Question

A \(2-\mathrm{ft}^{3}\) rigid tank contains saturated refrigerant \(134 \mathrm{a}\) at 160 psia. Initially, 5 percent of the volume is occupied by liquid and the rest by vapor. A valve at the top of the \(\operatorname{tank}\) is now opened, and vapor is allowed to escape slowly from the tank. Heat is transferred to the refrigerant such that the pressure inside the tank remains constant. The valve is closed when the last drop of liquid in the tank is vaporized.

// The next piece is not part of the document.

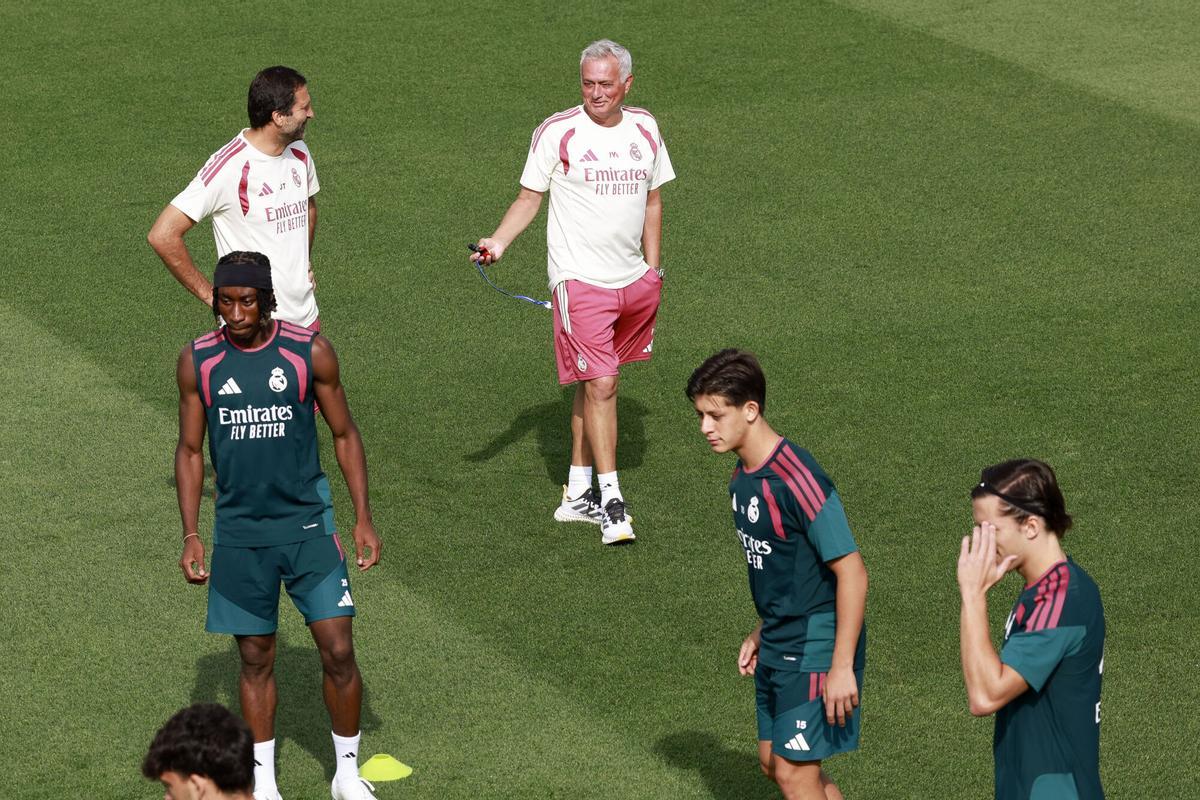 El entrenador del Real Madrid, José Mourinho, durante el entrenamiento del equipo previo al primer partido oficial de la temporada para el equipo blanco, contra el Espanyol, correspondiente a la segunda jornada de LaLiga.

Determine the total heat transfer for this process.

Short answer

Initial state: 160 psia and 5% liquid by volume.

Step-by-step solution

Determining the initial state of the refrigerant

Using the given initial pressure of 160 psia, we should find the corresponding saturation temperature and the specific volumes (v_f and v_g) of the saturated liquid and vapor states using a refrigerant property table.

Calculating the initial volume of liquid and vapor

From the exercise, we know that 5% of the volume is in the liquid state and 95% is in the vapor state. We can set up the following equation by multiplying the volume of each phase by its specific volume, and sum them up: \(V = 2 \, \mathrm{ft}^{3}=V_\mathrm{liquid} + V_\mathrm{vapor} = 0.05 V_\mathrm{total} \cdot v_\mathrm{f} + 0.95 V_\mathrm{total} \cdot v_\mathrm{g}\) Solve for \(V_\mathrm{liquid}\) and \(V_\mathrm{vapor}\).

Calculating the initial mass of liquid and vapor

Using the specific volumes calculated in step 1, we can calculate the mass of each phase using \(m_\mathrm{phase} = V_\mathrm{phase} / v_\mathrm{phase}\). Calculate \(m_\mathrm{liquid}\) and \(m_\mathrm{vapor}\).

Calculating the initial internal energy of the system

Now that we have the mass of each phase, we can determine the initial internal energy of the system. Using a refrigerant property table, find the specific internal energy values (u_f and u_g) for the liquid and vapor phases at the initial pressure of 160 psia. Then, calculate the initial internal energy of the system by summing the internal energy of each phase: \(U_\mathrm{initial} = m_\mathrm{liquid} \cdot u_\mathrm{f} + m_\mathrm{vapor} \cdot u_\mathrm{g}\)

Finding the final state

When the valve is closed, all the liquid refrigerant has vaporized. The final state is the saturated vapor state at the same pressure (160 psia). Find the final specific internal energy (u_g) using a refrigerant property table.

Calculating the final internal energy of the system

Use the final specific internal energy (u_g) to calculate the final internal energy of the system: \(U_\mathrm{final} = m_\mathrm{total} \cdot u_\mathrm{g}\) Where \(m_\mathrm{total} = m_\mathrm{liquid} + m_\mathrm{vapor}\) is the total mass of the refrigerant in the tank.

Calculating the total heat transfer

Applying the first law of thermodynamics for a closed system (assuming no significant change in kinetic or potential energy) and considering that the tank is rigid, we have: \(Q = \Delta U = U_\mathrm{final} - U_\mathrm{initial}\) Plug in the values for U_final and U_initial from steps 4 and 6 to get the total heat transferred to the system during the process.